We drove to a nearby church to wash up. I washed my hands. I washed them again. I scrubbed them with disinfectant wipes. I lathered them up with hand sanitizer. I still didn't feel quite right. The church was serving us lunch. I didn't feel like eating. In order to not appear rude, I ate some BBQ pork that was prepared for us - one of my favorite southern meals. It was not satisfying to me in the least. I sat mostly quiet for the long ride home in the 15 passenger van. When we got back to the hospital parking lot we left from, I hopped in my car and drove home. I walked to my room and straight to the shower. My community asked how it went, and I didn't know where to start. My immediate reaction was to tell them, "Be glad you didn't go." But, I think in some way, I am glad I did go. I was exposed to a situation I couldn't have imagined, disturbing on many levels - yet it was someone's home. Eye-opening? Very. Sights and smells that I will never forget. I don't have any pictures to share of Saturday's adventure, and you're probably thankful for it.

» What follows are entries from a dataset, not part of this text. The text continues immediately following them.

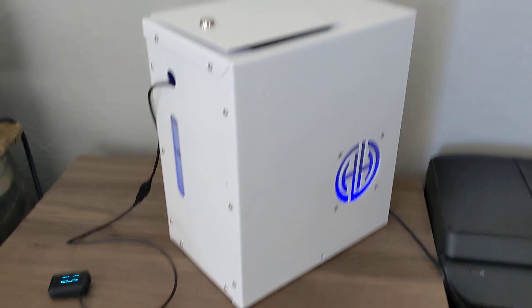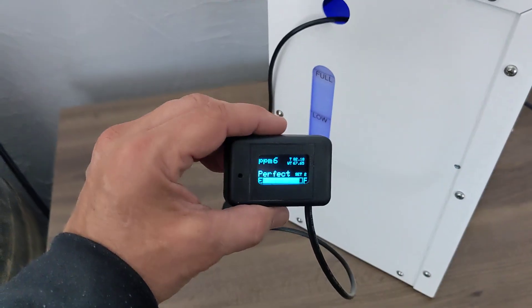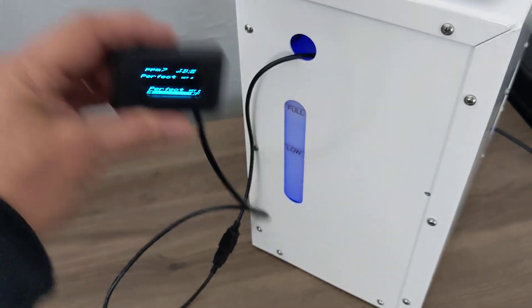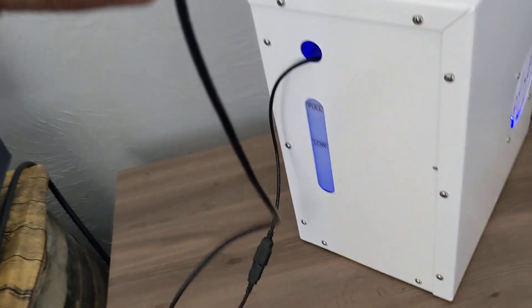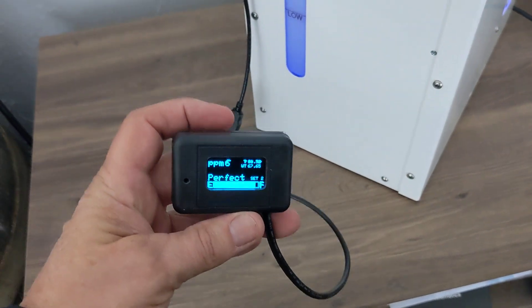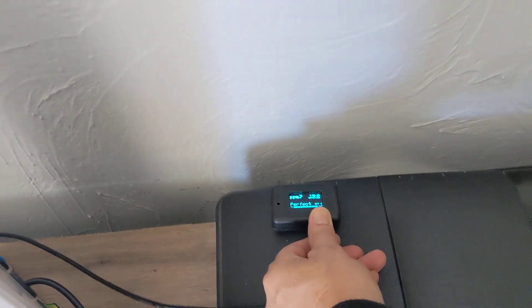I just wanted to do a video on the optional ways to mount the controller for our customers because I've had lots of feedback. You can also extend this 20 feet if you wanted to. If you had this down somewhere, like underneath a desk, you can remote this — literally mount it right here on something else if you wanted to.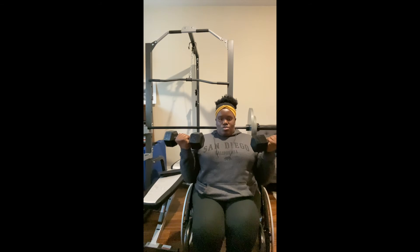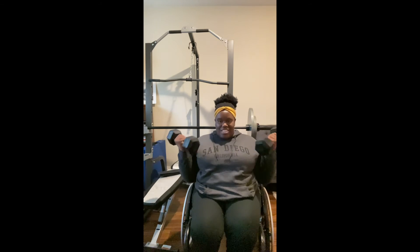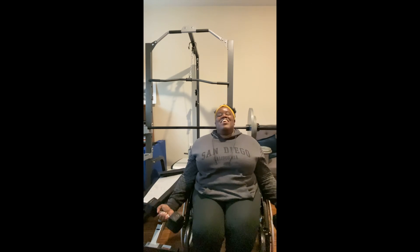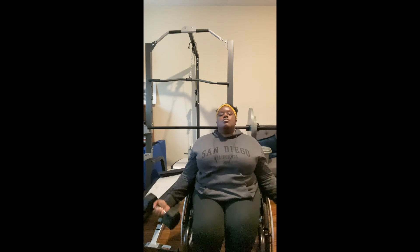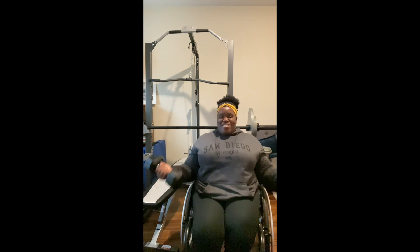And then for the last one, you will go all full range for seven, six, five, four, three, two, and one.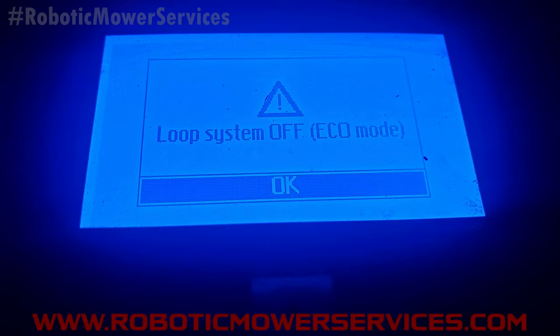Welcome to another video from Robotic Mower Services. In this video we're going to show you how to reset the loop system off eco mode error that sometimes will pop up on your mower or on your AutoMower Connect app as a no loop error.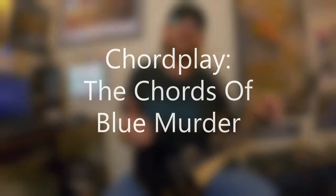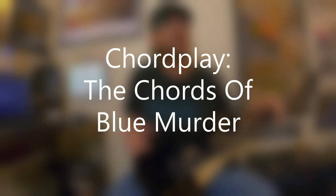David Brewster here on the episode of Chordplay — this is the Chords of Blue Murder. We're going to be talking about John Sykes again. So far on this channel I've put together a three-for-all episode for John where we looked at some of his licks, two Whitesnake Chordplay episodes, and also a Thin Lizzy Chordplay episode. But this episode is going to focus exclusively on the project Blue Murder, which was a short-lived group that John put together shortly after he was kicked out of Whitesnake. I'm a huge Blue Murder fan.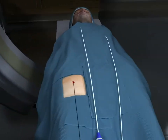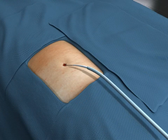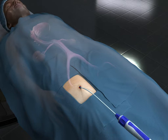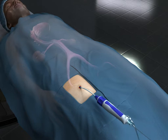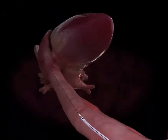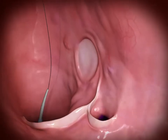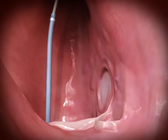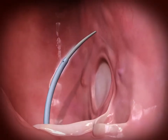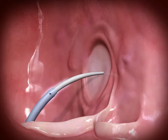The HeartSpan has 74 centimeters of usable length, is compatible with a 98 centimeter transeptal needle, and has a shaft body that is smooth and lubricious for easy insertion. The radiopaque marker band enhances visibility.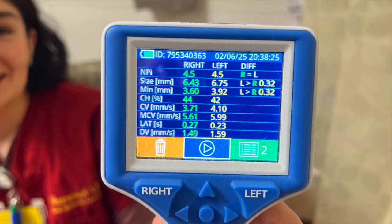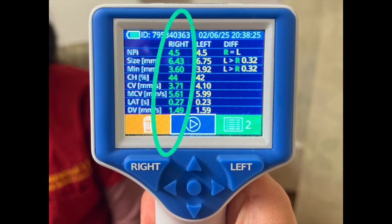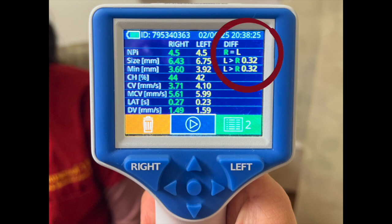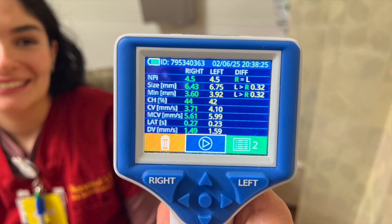When the bilateral pupil exam is complete, results will be displayed in green for the right eye and yellow for the left eye. This displays NPI and size along with bilateral differences in these measurements. Finally, remove the patient smart guard and leave it at the bedside.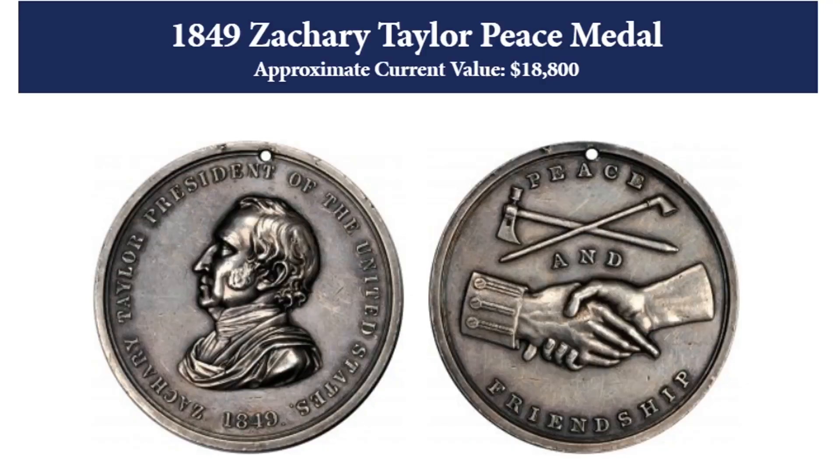Before we get into the biography, I just wanted to show a sample of an authentic Zachary Taylor peace medal. This one is from 1849 — I pulled it off the coin appraiser website. You can see the medal has a little bit of wear on it, but the design is exactly the same as the medal I just showed you. You'll also note there is a hole in the top of the medal. As I said, these medals were often distributed to Indian tribes and chiefs and were intended to be worn like a necklace — a cord would be run through so someone could wear it around their neck. This particular medal is appraised at a price of $18,800.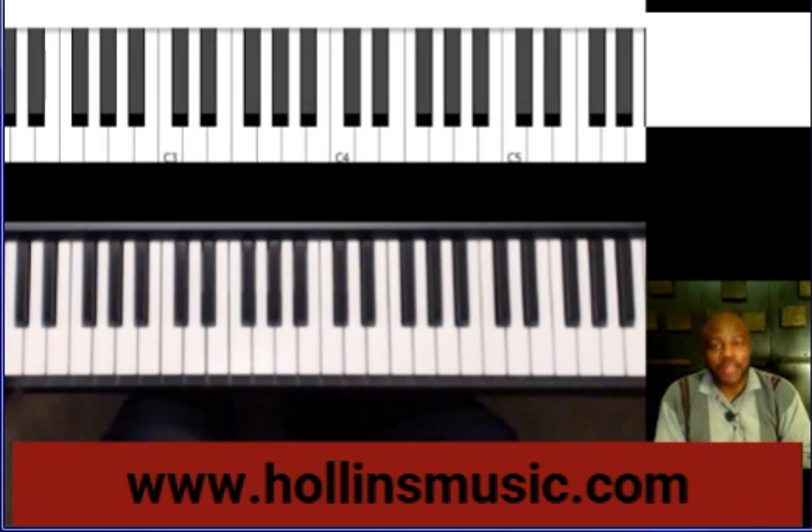Hello, my friend. This is Kenneth Hollins with HollinsMusic.com. Thank you so much for taking a few moments and watching this video. Today I want to share with you something that I do on the organ. This is something that I do on the organ, but you also could do it on the piano or keyboard. The concept would apply to either instrument. I will first demonstrate it, and then I'll go back and break it down and show you exactly how I came up with it.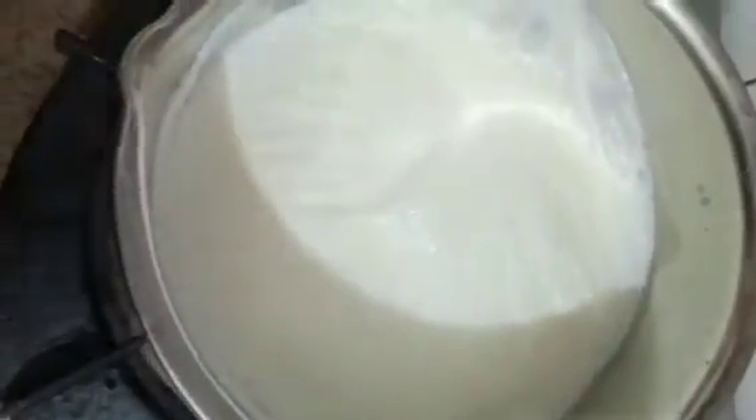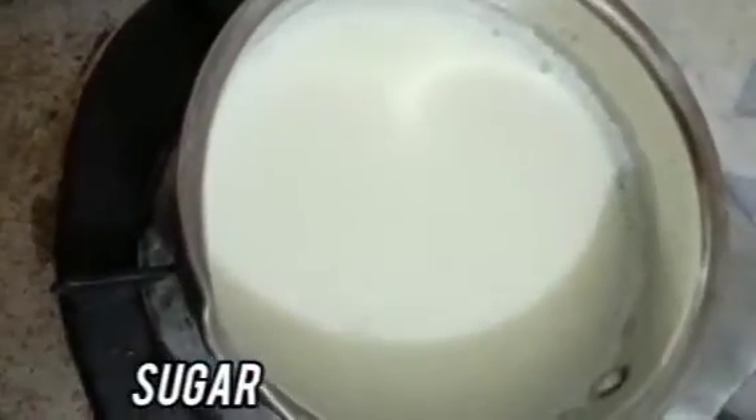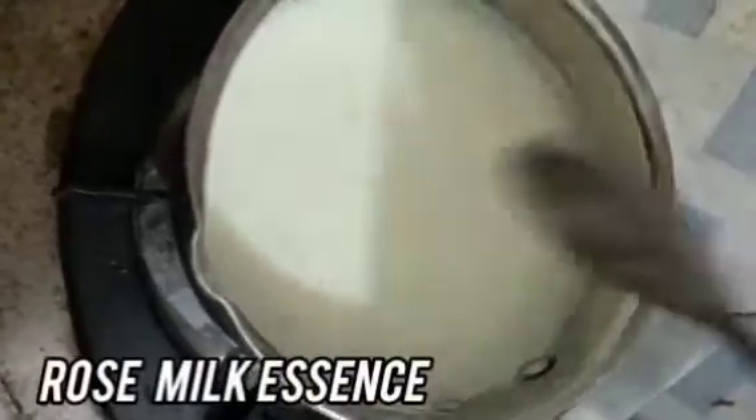Add a little bit of salt, add sugar, add some flavor, and add some rose milk essence.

I spent most of Sunday cleaning my own room and bathroom. Just suffice it to say I was inspired to clean just about everything I owned. My sheets, clothes, towels, blankets and anything else I could find. I opened the blinds and threw open the windows. I couldn't get enough sunlight and fresh air.
A year ago, I was on spring break in Puerto Rico directing retreats, something I never imagined I'd be doing, especially at no cost to me - thanks ND. (Shout out to Javier, Laura, Molly, Meg, Maeve, Lee, Ryan, Santi, and Brian). The year before that at the same time, I was traveling through Rome, Munich and Prague with one of the best people I have ever known - also something I never imagined I'd be doing (shout out to Dan with an assist to my Aunt Margaret!). Chalk up this weekends experience to the "Something Mike Never Imagined He'd Be Doing" column (shout out to old man in blue overalls). I wonder what I'll have managed to get myself into a year from now!